Gatekeeper supports three enforcement actions:

  • deny: the admission request is rejected and the user receives the violation message; this is the default for all Golem Trust policies after the testing period

  • dryrun: the resource is admitted but violations are recorded; used when introducing a new policy against existing workloads

  • warn: the resource is admitted but a warning is returned to the client; used for advisory policies that are not yet mandatory

New policies are introduced with enforcementAction: dryrun for at least one week. Dr. Crucible and Ludmilla review the audit violations during that period to assess impact before switching to deny.

Viewing audit violations

The audit controller populates a status.violations field on each Constraint resource:

kubectl get constraint no-root-containers -o yaml | grep -A 30 violations

Violations are also forwarded to Graylog via a Falcosidekick-style forwarding controller that reads the constraint statuses and ships them as structured log events. The Graylog stream gatekeeper-violations is the primary view for Otto Chriek’s compliance reporting.

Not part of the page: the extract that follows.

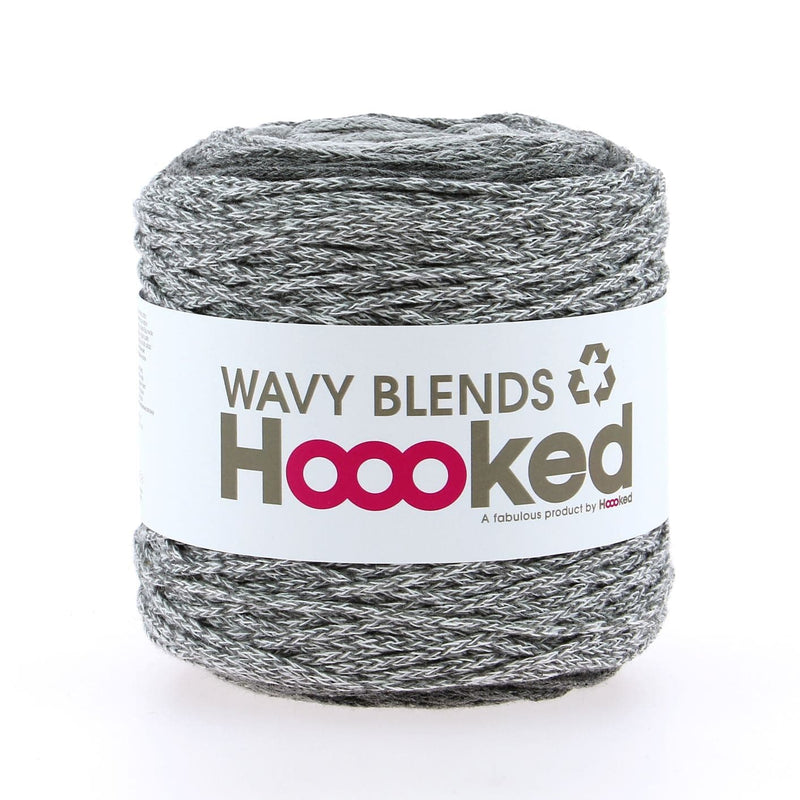 Wavy Blends is a gradient cake yarn to combine in your crochet or knitting  with recycled yarn.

To list all constraints and their violation counts:

kubectl get constraints -A

Managing Gatekeeper upgrades

Before upgrading, check the Gatekeeper release notes for CRD schema changes. If the CRD schema changes, apply the new CRDs before upgrading the controller:

helm pull gatekeeper/gatekeeper --version <new-version> --untar
kubectl apply -f gatekeeper-<new-version>/crds/

Then upgrade the Helm release:

helm upgrade gatekeeper gatekeeper/gatekeeper \
  --namespace gatekeeper-system \
  --version <new-version> \
  --values gatekeeper-values.yaml

The two controller manager replicas allow a rolling update with no interruption to admission webhook availability. Monitor the rollout:

kubectl rollout status deployment/gatekeeper-controller-manager \
  -n gatekeeper-system

If the new controller manager fails to start, Kubernetes will retain the previous replica and the cluster will continue enforcing policies. Roll back with:

helm rollback gatekeeper -n gatekeeper-system